Professional Footballers Australia (PFA) co-founder, Champion, former Chief Executive and Chair Brendan Schwab has today been inducted into the Football Australia (FA) Hall of Fame.
An architect of the global and Australian player association movements as a co-founder of the World Players Association (WPA), FIFPRO Asia / Oceania, the Australian Athletes’ Alliance, and the PFA, Schwab has played an instrumental role in the transformation of Australian football over the last two decades.
Throughout a 30-year career, Schwab has represented and worked with multiple teams and athletes in several sports, including the Socceroos and Matildas and players in the National Soccer League and A-Leagues.
Schwab helped organise the players to deeply understand that the wellbeing of the game was a precondition not only to their own wellbeing but to tapping the game’s enormous potential in Australia. This meant the players became central drivers of key football industry reforms, including the creation of a new governing body (Football Federation Australia), a new men’s professional league (the A-League), establishing engagement with Asia and football’s commitment to universal principles such as gender equality.
Now the Executive Director of the Swiss-based WPA, Schwab helped establish the PFA in 1993 and oversaw the progression of the players’ union and the growth of Australian football for over two decades.
A respected strategist and formidable negotiator with a deep commitment to Australian football, Schwab said his induction really belongs to the thousands of players who have made the PFA indispensable to building the game and a vital support for players as they pursue their careers and development as people.
“It is a great honour to accept induction into the Football Australia Hall of Fame,” Schwab said. “I do so not as an individual – but on behalf of the generations of Australia’s professional footballers who have united through their union – the PFA – to shape the future of the game in this country profoundly for the better.
“If this honour says anything, it is perhaps some recognition on the part of the game as a whole that the work of the players, through their union, has unquestionably been in the best interests of the game.”
Over the past five years, Schwab has helped pioneer global sport and human rights movements, by negotiating major human rights commitments with international governing bodies including FIFA.
Current PFA President, Sydney FC captain Alex Wilkinson, paid tribute to Schwab’s contribution to Australian football and in particular, his tireless commitment to Australia’s professional players.
“Brendan’s contribution to generations of Australian footballers has been absolutely immense. By establishing the PFA and by working for players for so long, Brendan has had a great impact on countless players’ lives.
“By advocating for their rights, their work conditions and their security of employment, the players of today would have nowhere near the conditions they have without Brendan’s work.”
Earlier this year, PFA Co-Chief Executive Kathryn Gill was inducted into the Football Australia Hall of Fame.
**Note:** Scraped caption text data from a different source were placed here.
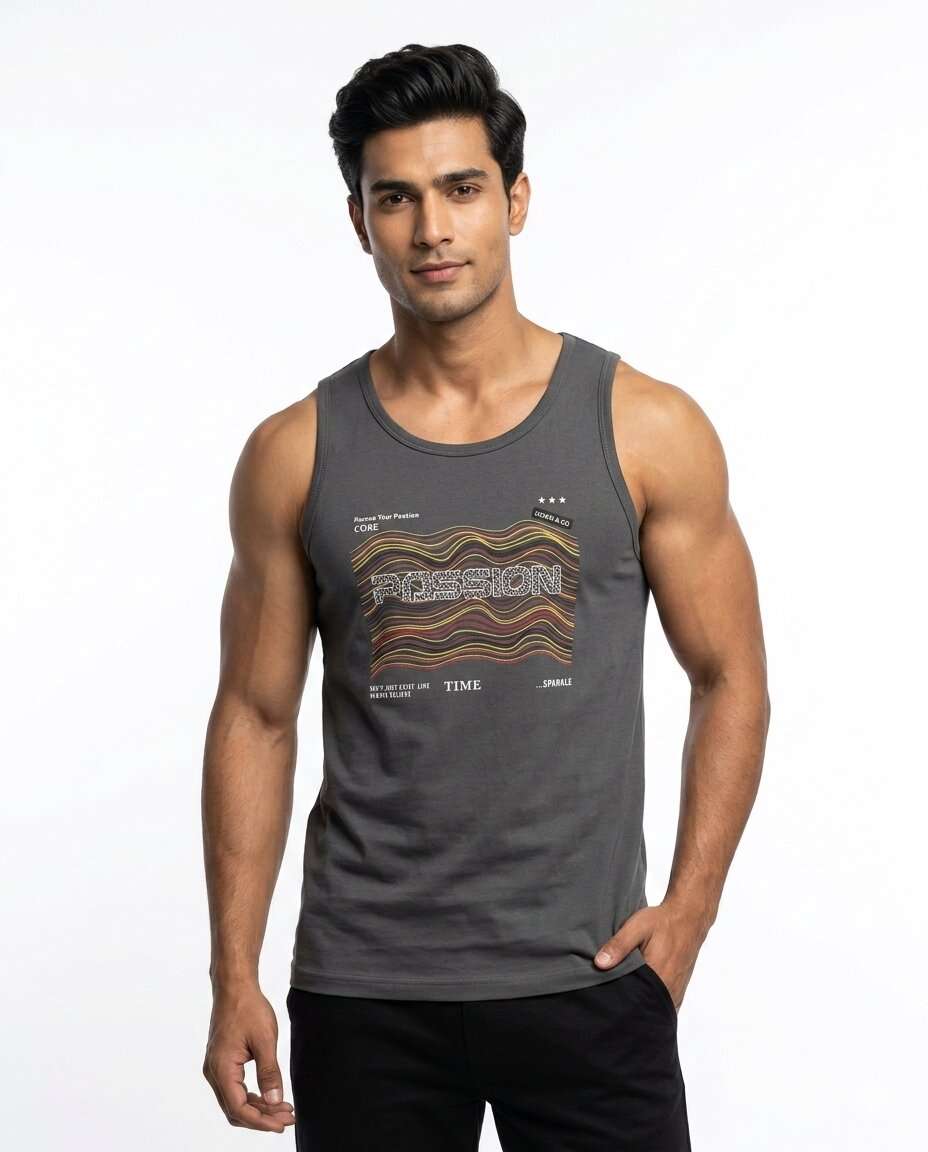 BOYS QANTAN TEES PRINT SANDO (34/38)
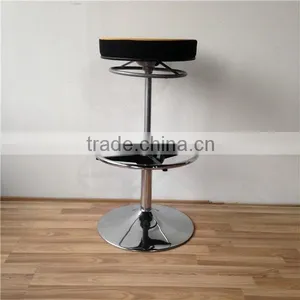 New Brown Fabric Mordern Bar Stools With Footrest Bar thumbnail-4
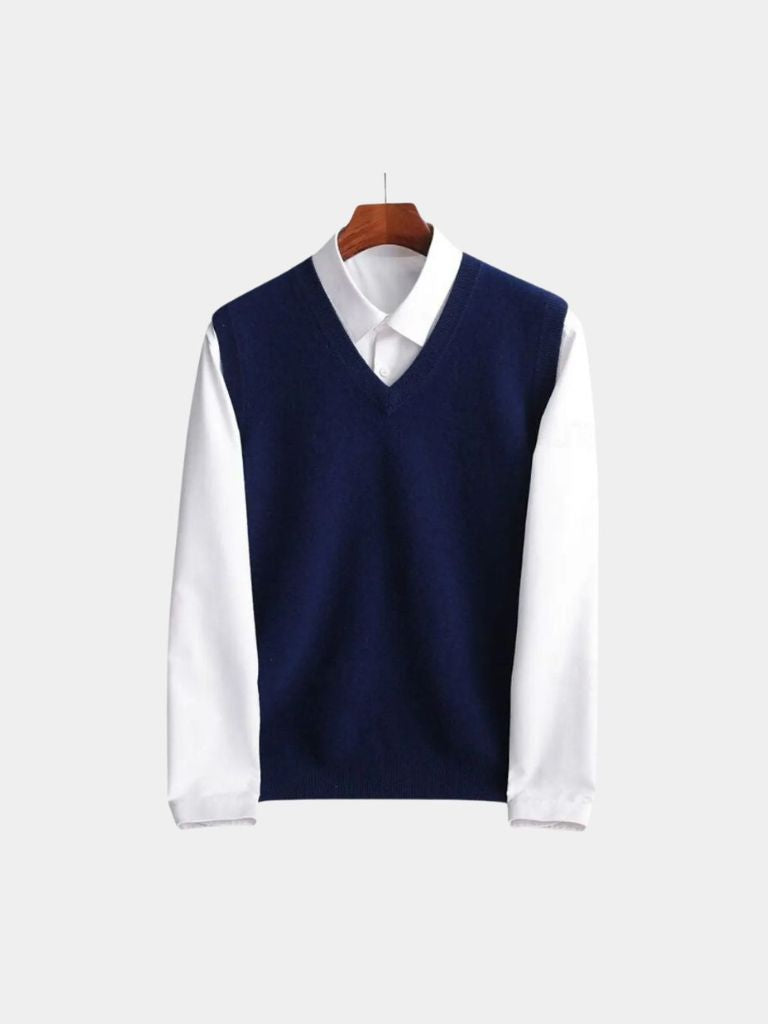 100% Merino Wool Sweater Vest - Cross & Crown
A former AFC Women’s Player of the Year, Matildas captain and long-serving member of the PFA Matildas Committee, Gill became the first woman to be appointed to the PFA Executive Committee.
Since the initial induction of 84 players and participants in 1999, more than 250 male and female players, coaches, referees, administrators, and media representatives have been recognised for their outstanding contributions to Australian football through their induction in the FA Hall of Fame.